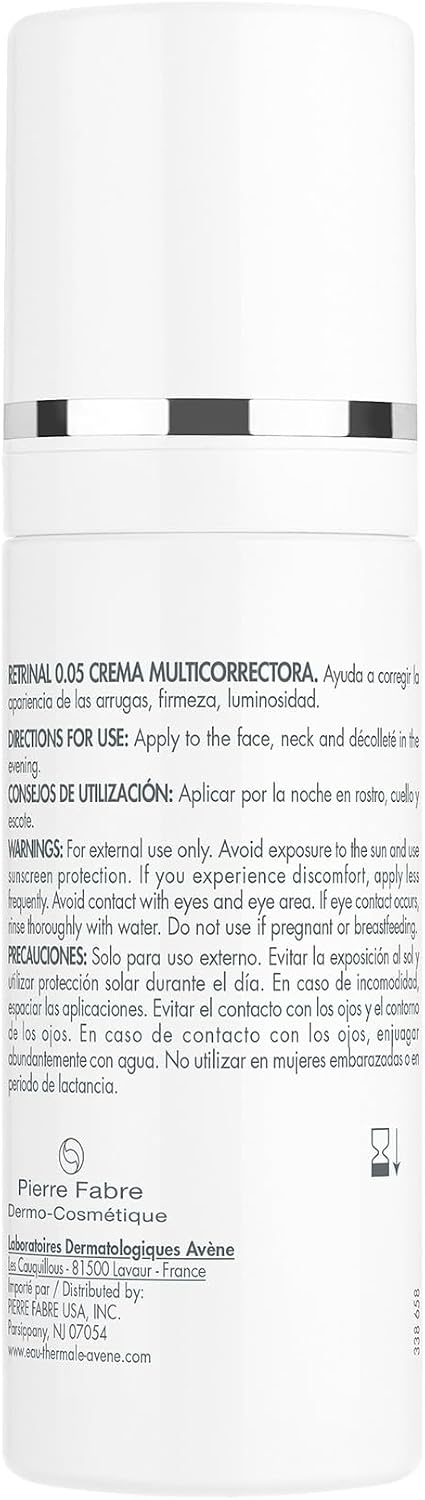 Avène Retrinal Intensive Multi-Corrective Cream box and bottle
* * *
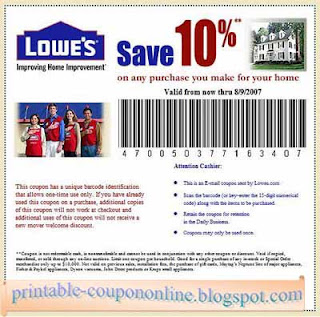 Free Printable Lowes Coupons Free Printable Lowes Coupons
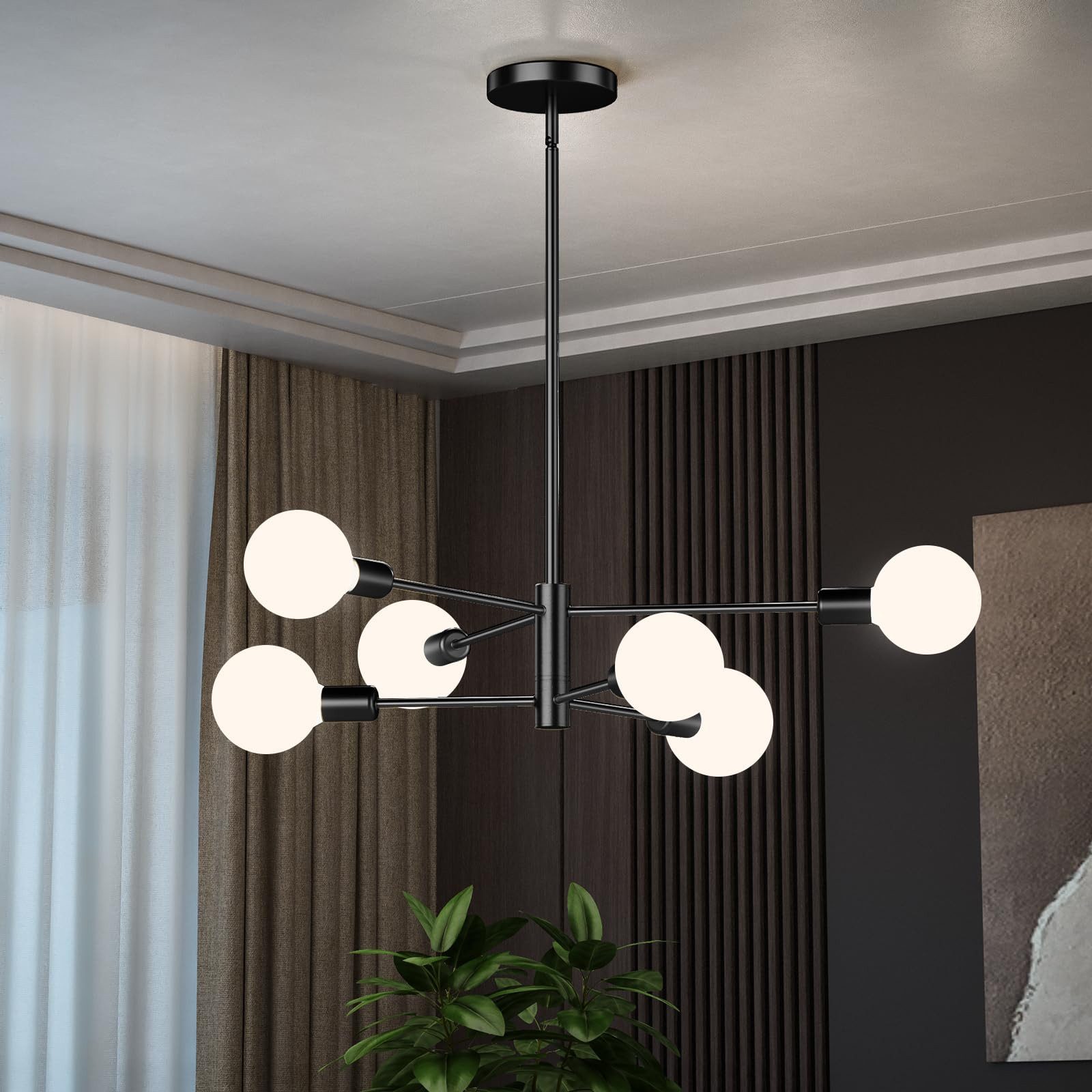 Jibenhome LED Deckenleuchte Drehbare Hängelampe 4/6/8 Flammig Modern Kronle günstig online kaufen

Work to be completed: Reproduce the data above exactly, but only the lines from the one showing "Free Printable Lowes Coupons Free" through the one showing "Jibenhome LED Deckenleuchte", with both ends kept and the pictures left out.

Response below:
 Free Printable Lowes Coupons Free Printable Lowes Coupons
 Jibenhome LED Deckenleuchte Drehbare Hängelampe 4/6/8 Flammig Modern Kronle günstig online kaufen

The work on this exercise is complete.